We have lang servers for IDEs; why not production statistics servers? Highlight a section of code with previous security breaches. Show the number of bugs with this section of code. Highlight hot paths in production. Show sample production data that flows through this code.

But that's just a side path. I think debuggers are the beachhead for visual programming. It's there that we can learn to visually express state for common data structures. And then learn how to visually express this state over time to express change.

Like check out the Hovenia Editor that visualizes trees. It's a good start to exploring visualizations of state in a debugger.
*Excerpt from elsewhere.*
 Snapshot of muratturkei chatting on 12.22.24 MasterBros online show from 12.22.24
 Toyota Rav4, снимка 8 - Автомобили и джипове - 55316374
https://github.com/Cirru/hovenia-editor

That said, compiler and language writers currently don't have this goal in mind, so the API of a compiler doesn't make it easy. So if you're going to write a new compiler for a new language, I'd make it easy to access the program state for visualization. Traditionally, it's was also difficult to find legible visual representations of state that adjusts to the problem at hand. A dict doesn't always want to be a key/value store. Sometimes they're histograms. Sometimes, they're a set. Perhaps LLMs or Edward Tufte can help. Once we have a visual language for illustrating state over time, I think we can utilize that visual language to back into visual programming. But until then, we're shoehorning current paradigms that don't have the right affordances to leverage our visual-spatial reasoning.
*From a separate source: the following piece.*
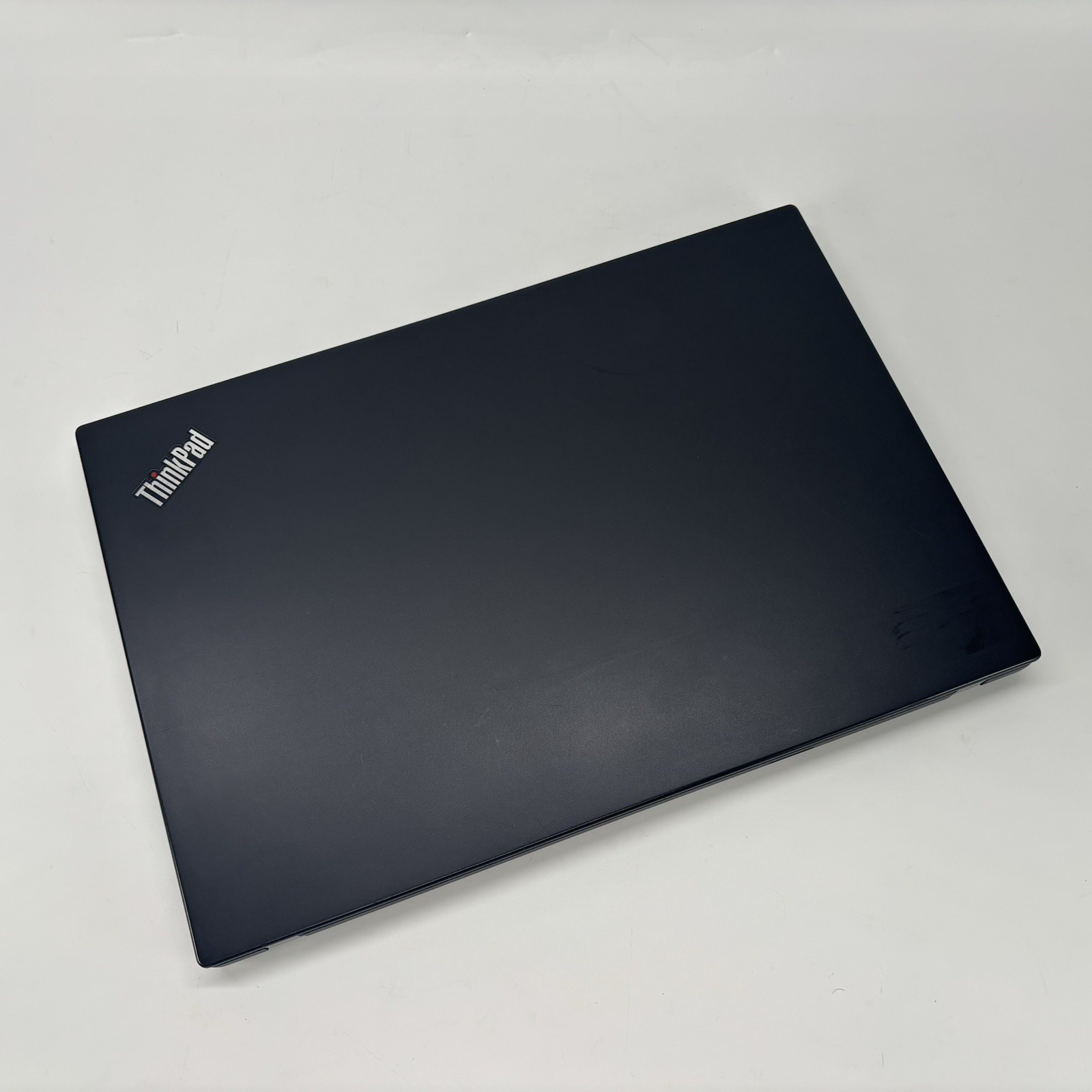 Lenovo ThinkPad T495s AMD Ryzen 7 Pro 2.30 GHz 8 GB RAM 256 GB SSD (LOCKED BIOS)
Visual programming might just look completely different than textual programming. Textual programming takes its cues from step-by-step (imperative), transformations (functional), inferences (logical) reasoning, all analytical traditions. It's rare to see visual programming take its cues from logic programming even though they have the same affordances. Declare a beginning and end state, and have the computer infer everything that needs to happen in between. Perhaps we visually express two states, a before and after, visual programming infers the programming instructions needed to take it from one state to another. Like drawing keyframes, and offloading the in-betweens to the computer.

But I don't think this is the only path forward. Most visual programming thinks from the top-down--from the affordances to humans down to the computer. There's a different way. How about instead of linear memory, we start with spatial memory at the bottom, and work our way up?